I’ve been slacking on recipes but after I made this 5-Ingredient raw vegan “cheesecake”, I knew that I had to get it over to you pronto. I made these 2-layer mini cakes using Pure Synergy organic kale powder my boss gifted me with a few months ago. Since then, I’ve been using the powder in everything from my protein shakes to baking. It’s non-gmo, and literally contains ONE ingredient: organic kale vegetable powder – so no fillers, preservatives, sweetness or unnecessary additives. It’s a great way to get a concentrated amount of kale into my diet so I can get the many health benefits which include detoxification, eye and skin health and support for healthy cells. Anyway, without further ado, the recipe:
- 1 ½ cups raw cashews (soaked)
- Nutmeg (to taste)
- 1/3 cup Almond or coconut milk
- Maple Syrup
- Pure Synergy Kale Vegetable Powder
- Blend up the first 4 ingredients until smooth.
- Pour out about 1 tablespoon into cupcake molds.

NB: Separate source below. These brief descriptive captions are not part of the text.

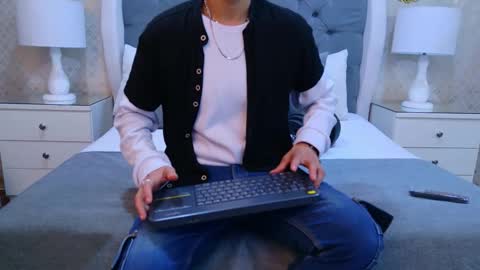 Zoe Krug online show from October 25, 2025, 11:51 am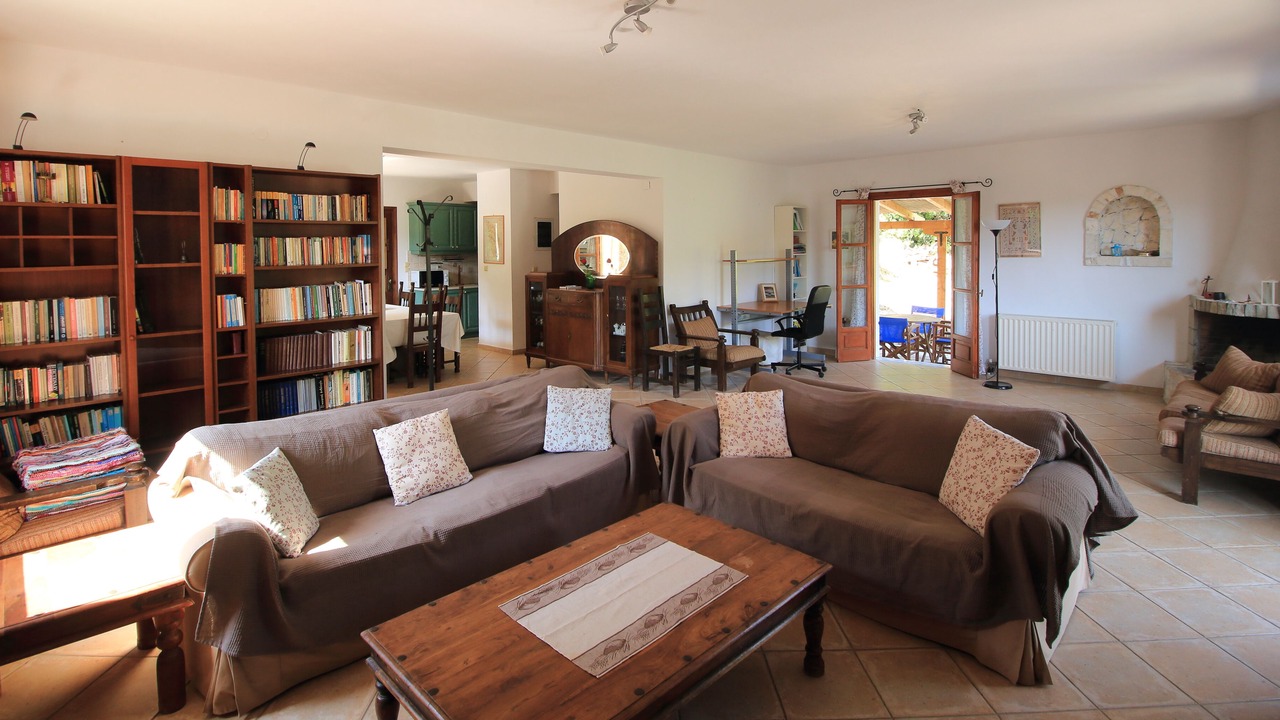 Photo of Livingroom in Fiskardo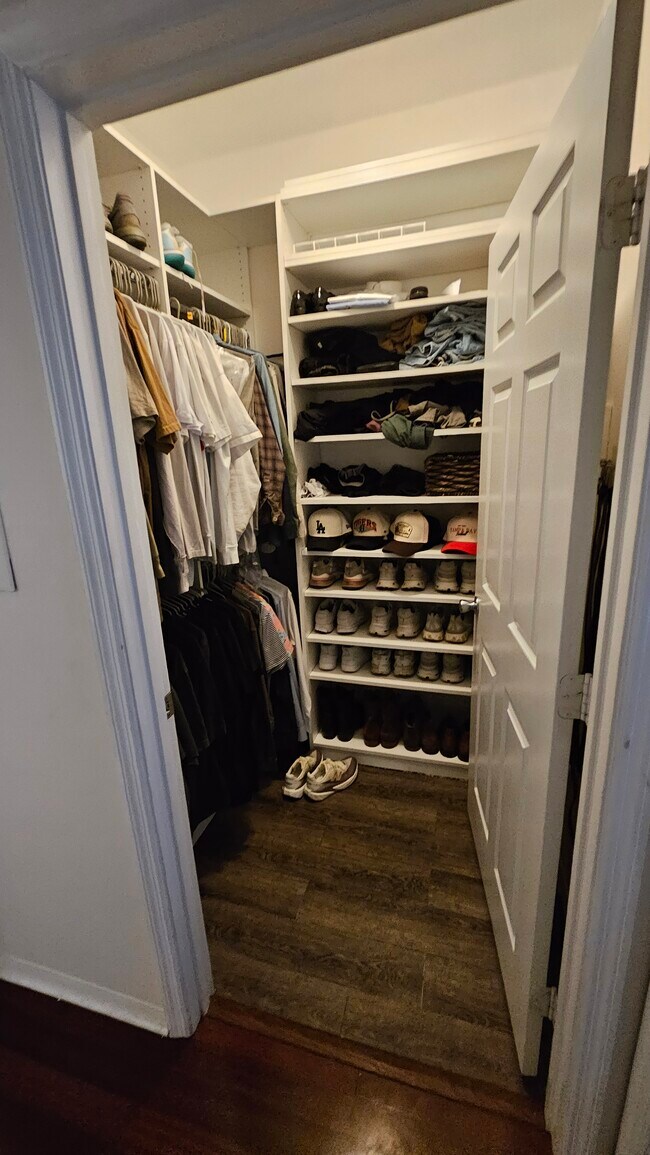 Building Photo - 501 Knights Run Ave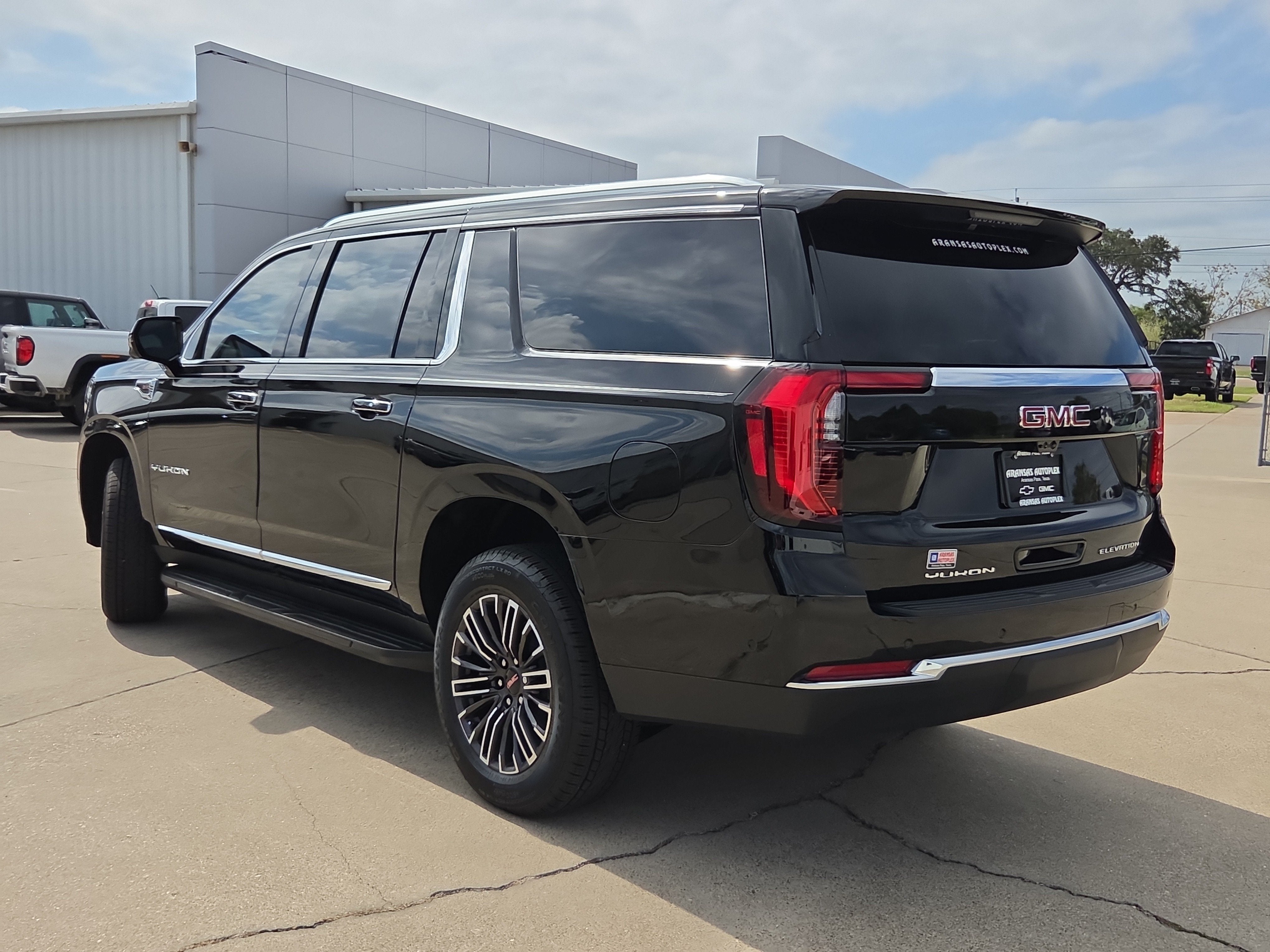2026 GMC Yukon XL Elevation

- Blend the kale powder into the batter that’s left over (you can store the cupcake molds in the freezer during this time so that they start to firm up). When you’re done blending, add the green layer on top of the first layer in the cupcake mold (preferably after it’s hardened a bit so it’s easier to spread).
- Pop back into the freezer for up to 4 hours or until set. When ready to enjoy leave out for 5-10 minuets so it can thaw a bit. Because I have no self-control I usually eat it completely frozen out of the freezer. Enjoy!